**WHAT YOU HAVE TO DO:** Take the material below and extract the lines from the one with "Now, there are" through the one with "Healthcare is at", word for word, without pictures.

**DATA RECORDS:**
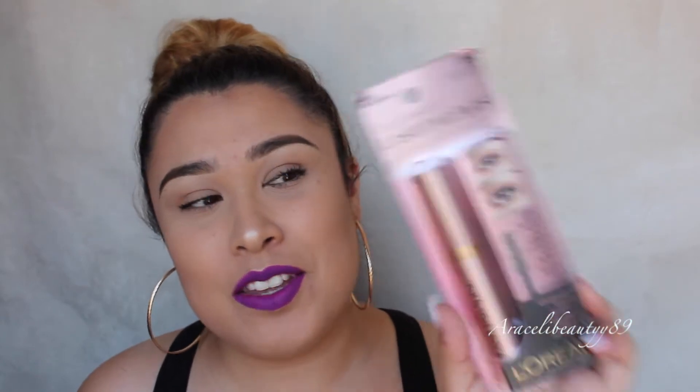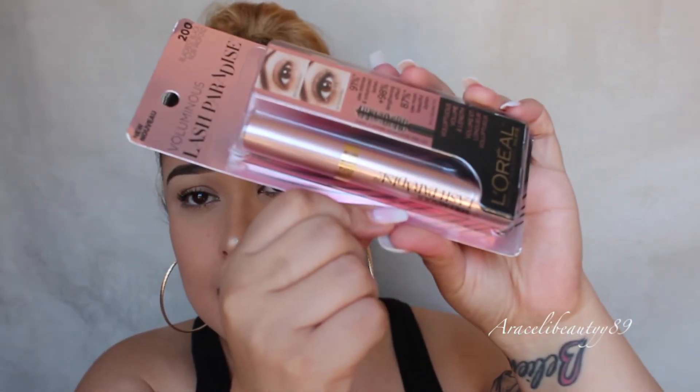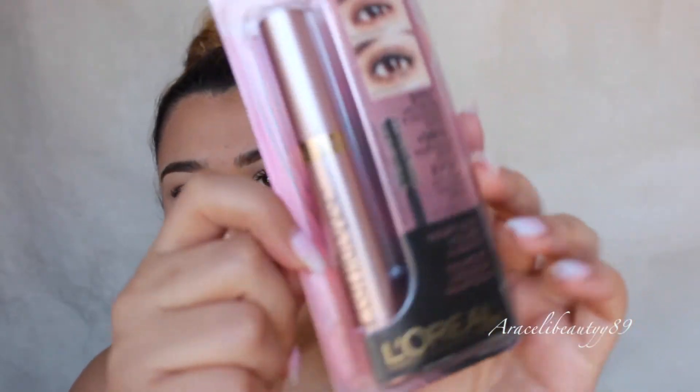I also went grocery shopping and spotted the L'Oreal Voluminous Lash Paradise. I heard it's comparable to the Too Faced Better Than Sex mascara. Sabrina Johnson, a YouTuber on YouTube, did a review on it and I was like, I need to get my hands on this, so I picked it up to try it out.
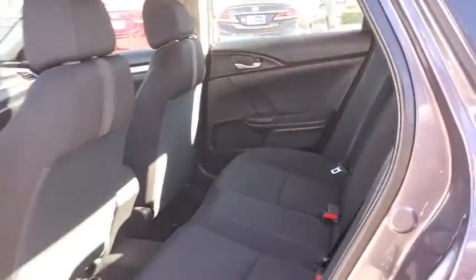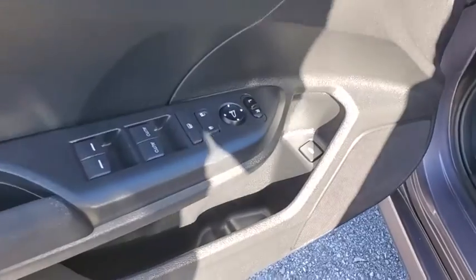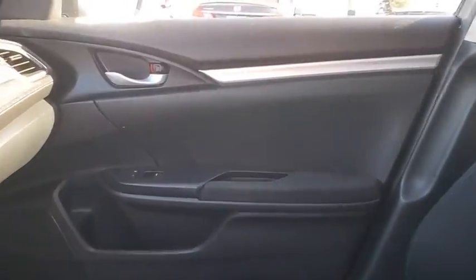Brake assist, tachometer, remote keyless entry, driver vanity mirror, front bucket seats, tilt steering wheel, front reading lamp, cloth seat trim, passenger vanity mirror.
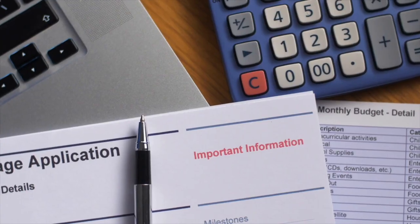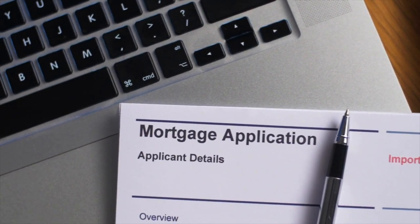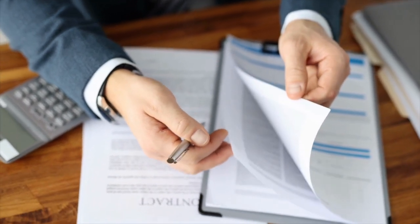So the first thing you need to do, just like we've probably told you a hundred times, is get a pre-approval letter from a lender to prove that you can actually have the funds to purchase the property. Your pre-approval letter is going to be accompanied by something called a purchase agreement, and a purchase agreement is a 12-page legal document stating the terms and the details of your offer.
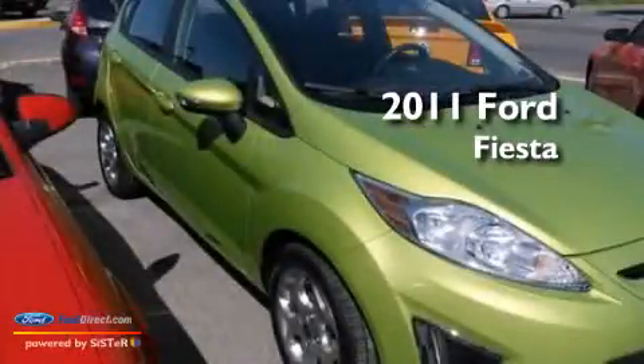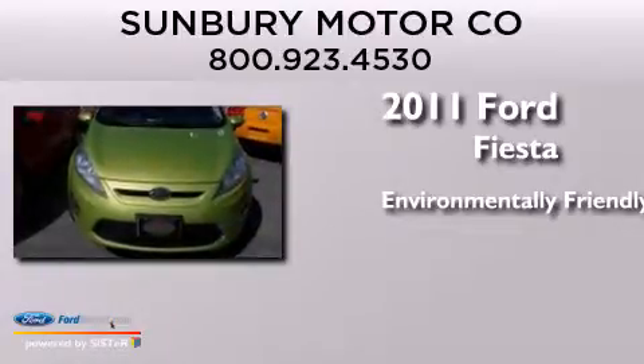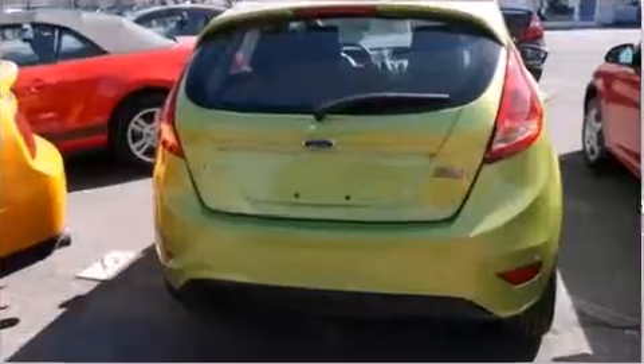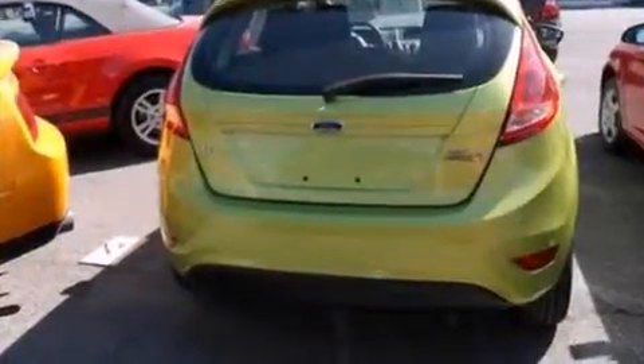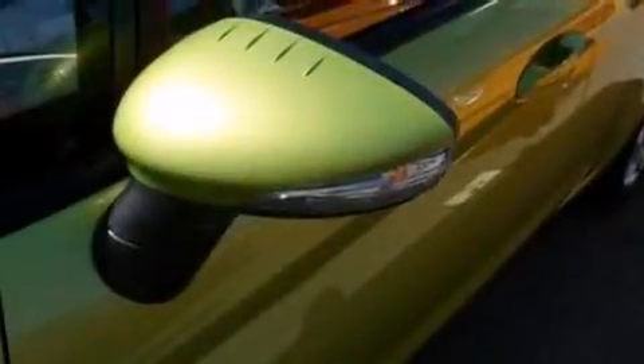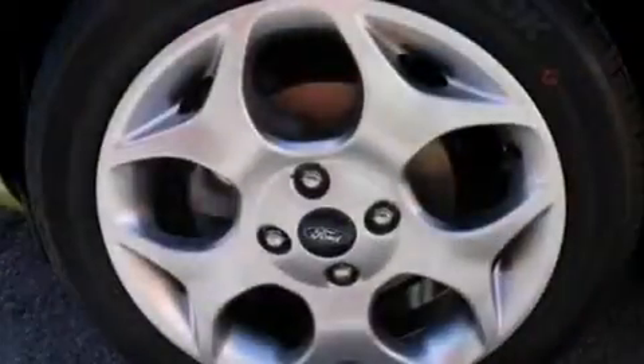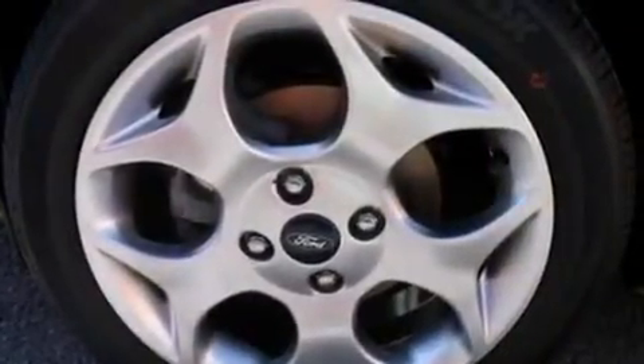This is a 2011 Ford Fiesta. Its top features include Sirius satellite radio, aluminum wheels, and traction control and stability control systems.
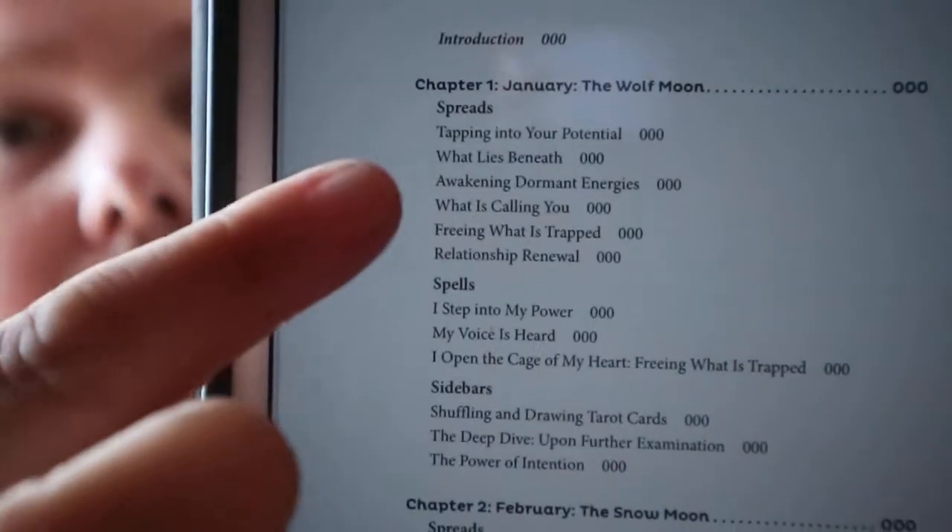You also get sidebars — so spreads, spells, and sidebars with some extra bits of information. Things like the significance of numbers, choosing what to write with, reflecting on your reading, or the science of meditation. Just tidbits of extra information that can be helpful and could lead you to other areas of research or something you want to look into.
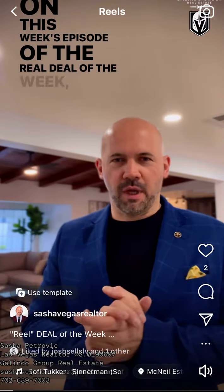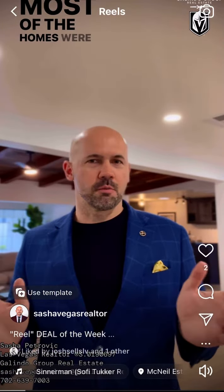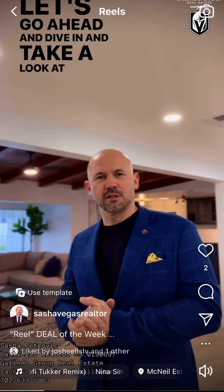On this week's episode of the Real Deal of the Week, I'm inside of McNeil Estates, a vintage Las Vegas neighborhood. Most of the homes were built during the Rat Pack era. This one has been fully remodeled, one-story home. Let's go ahead and dive in and take a look at this beautiful home.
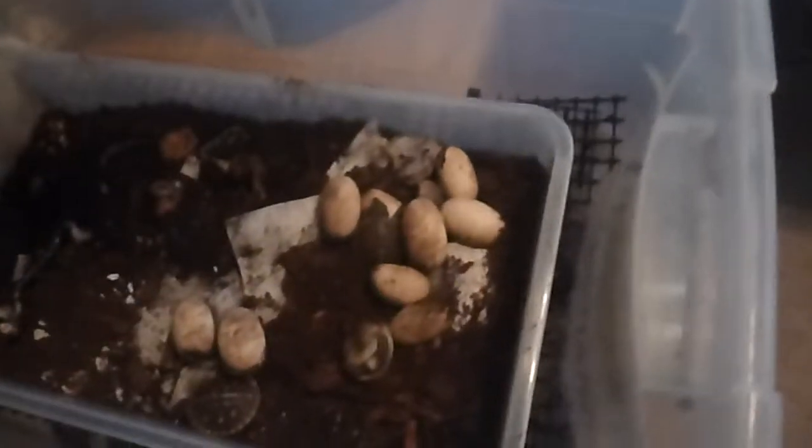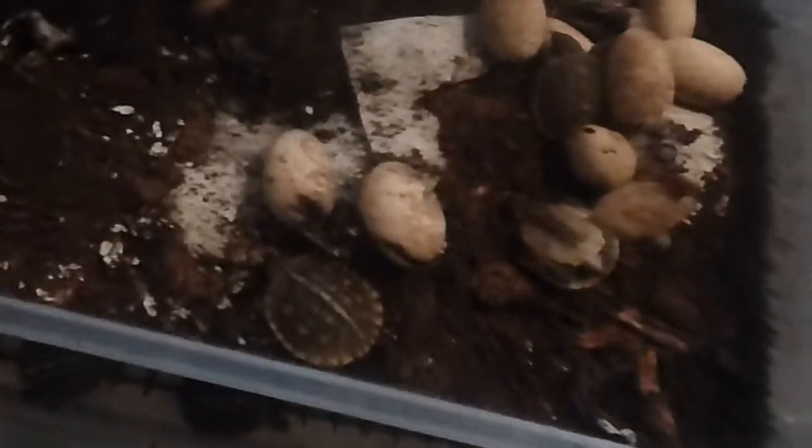Well, here it is, September 27th, and I have had some luck hatching out my little baby turtles. Look how many turtles, shells, there are. This is just totally torn apart. Look at those little guys.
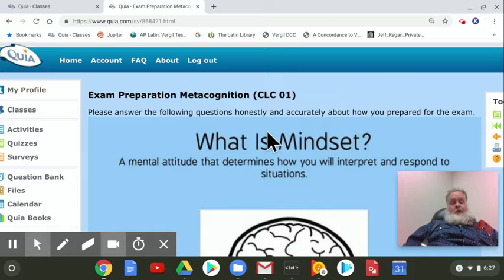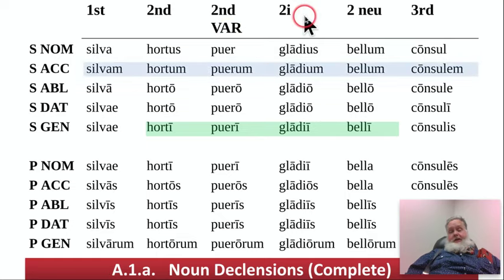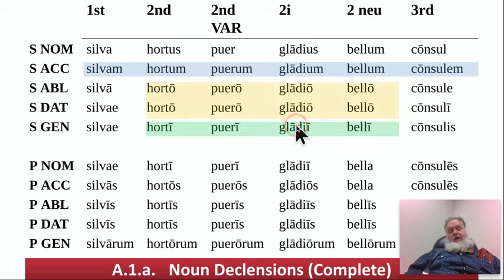Now, there are new nouns, which are right here, and they are found in your omnibus binder. Notice we're adding the second variant and the two I-nouns. That's just like second declension, and it's rather straightforward. So if you have Hortus, you've got these two, and we'll talk about the variants.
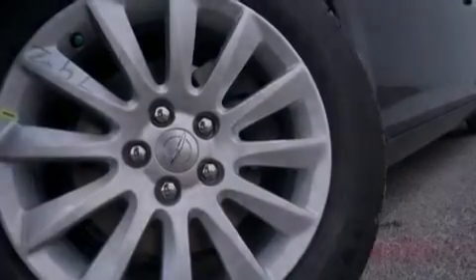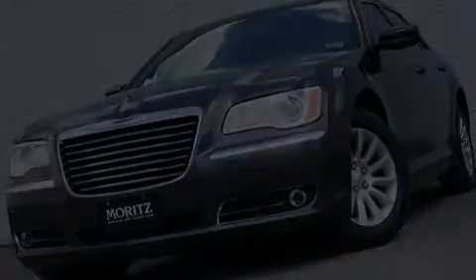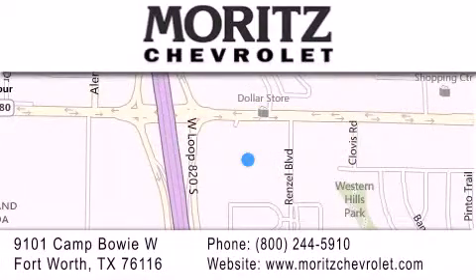Please call us today for more information on this great vehicle. Thank you for considering Moritz Chevrolet for your next luxury vehicle. If you have any questions, please visit our website, give us a call, or stop by our dealership, located at 9101 Camp Bowie West in Fort Worth.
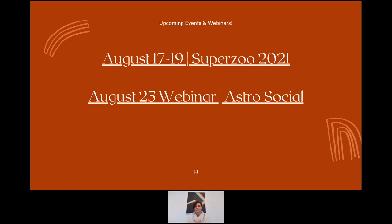This is the registration link for the rest of the marketing webinar series this month. The next one is on August 25th and will focus on Astro Social — since brand media materials can all be shared on Astro Social, the entire image library can be used through that platform.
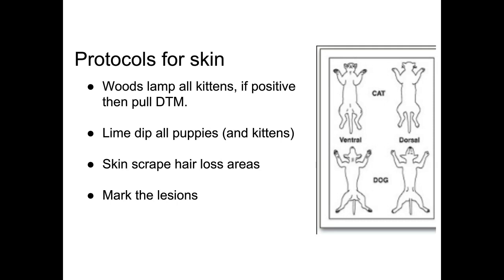Specifically mark the lesions: if a kitten comes in with hair loss around its eye, mark it in the record. Use a chart where you circle where lesions are so the next person knows where to look. They can determine where the ringworm was, what day it was marked, and see if it's getting better or worse, because new hair loss lesions might appear.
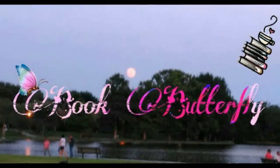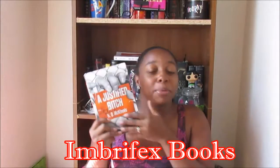Hello, and this video is going to be my review on 'A Justified Bitch' by H.G. McKinnon. I was given this book by NetGalley first as an e-ARC, but then I also ended up getting an actual physical copy from the publishers themselves, which is Embric's — I put it on the screen, I don't know if I'm saying it right.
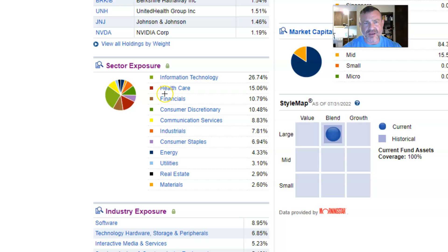Healthcare is at 15.06%, financials at 10.74%, and consumer discretionary at 10.47%. So what I've done is found ETFs that correlate with technology, healthcare, financials, and consumer discretionary, and we'll take a look at those.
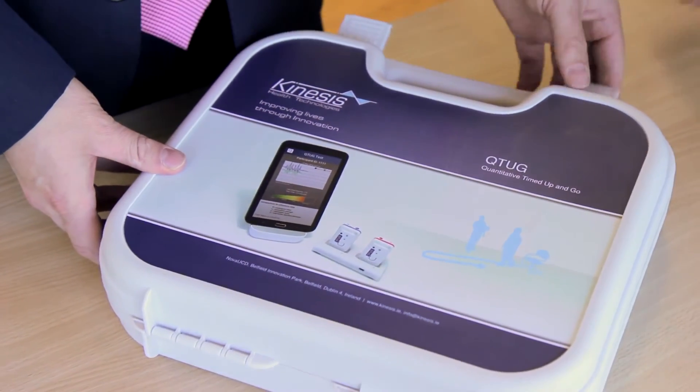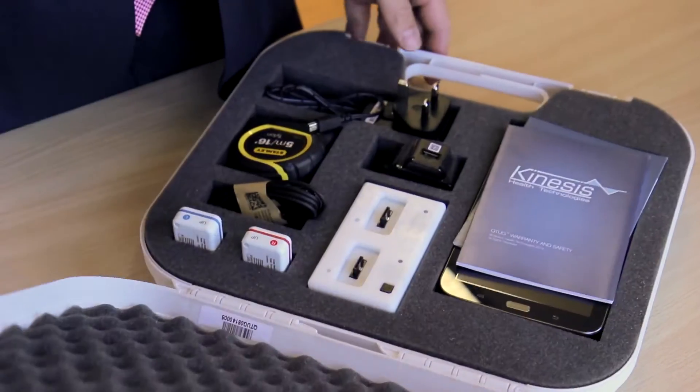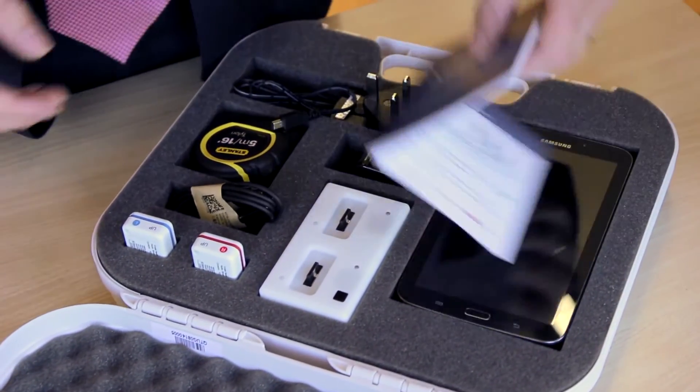Our first product is Qtug, or Quantitative Timed Up and Go. It's a mobility assessment and falls risk assessment technology based on a standard clinical assessment of mobility called the Timed Up and Go test.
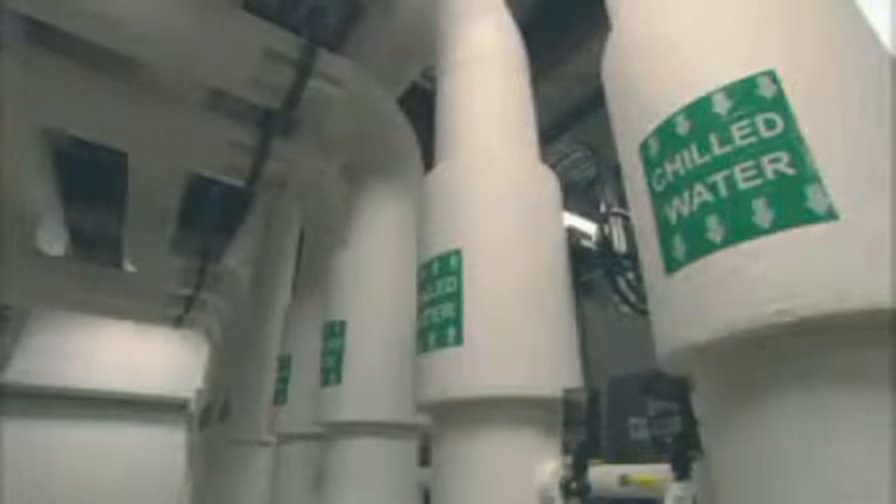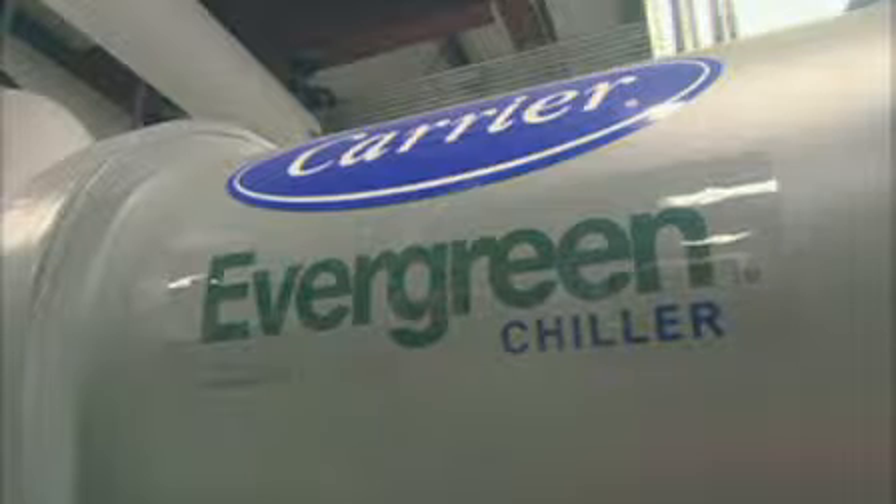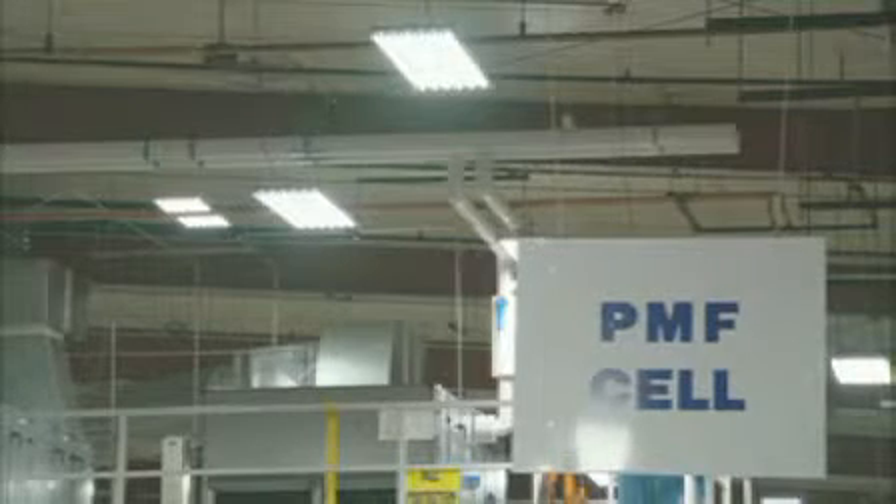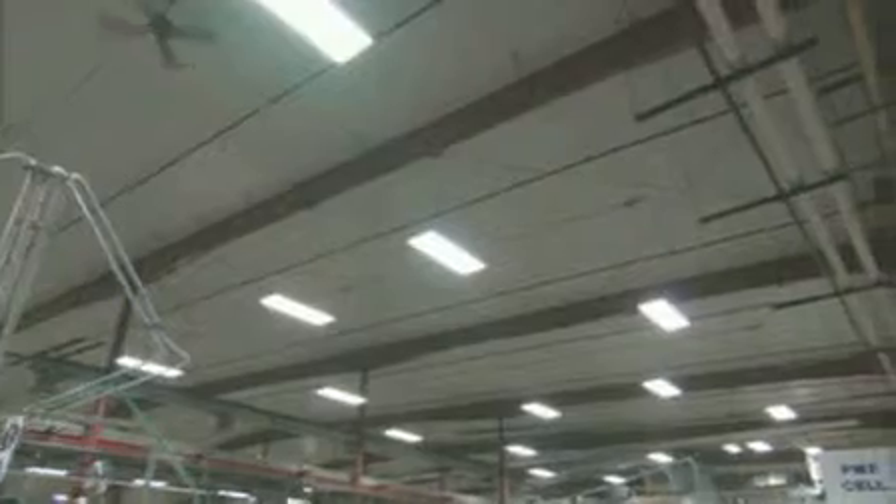The company spent close to $2.5 million on the improvements, $2 million of which was spent on the chiller plant, an energy-efficient climate control system. About $120,000 went toward new lighting. In the factory, each 400-watt metal halide bulb was replaced with six 35-watt bulbs.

**SOLUTION TO THIS TASK:**
Now, there are new nouns, which are right here, and they are found in your omnibus binder. Notice we're adding the second variant and the two I-nouns. That's just like second declension, and it's rather straightforward. So if you have Hortus, you've got these two, and we'll talk about the variants.
Please call us today for more information on this great vehicle. Thank you for considering Moritz Chevrolet for your next luxury vehicle. If you have any questions, please visit our website, give us a call, or stop by our dealership, located at 9101 Camp Bowie West in Fort Worth.
This is the registration link for the rest of the marketing webinar series this month. The next one is on August 25th and will focus on Astro Social — since brand media materials can all be shared on Astro Social, the entire image library can be used through that platform.
Specifically mark the lesions: if a kitten comes in with hair loss around its eye, mark it in the record. Use a chart where you circle where lesions are so the next person knows where to look. They can determine where the ringworm was, what day it was marked, and see if it's getting better or worse, because new hair loss lesions might appear.
Hello, and this video is going to be my review on 'A Justified Bitch' by H.G. McKinnon. I was given this book by NetGalley first as an e-ARC, but then I also ended up getting an actual physical copy from the publishers themselves, which is Embric's — I put it on the screen, I don't know if I'm saying it right.
Healthcare is at 15.06%, financials at 10.74%, and consumer discretionary at 10.47%. So what I've done is found ETFs that correlate with technology, healthcare, financials, and consumer discretionary, and we'll take a look at those.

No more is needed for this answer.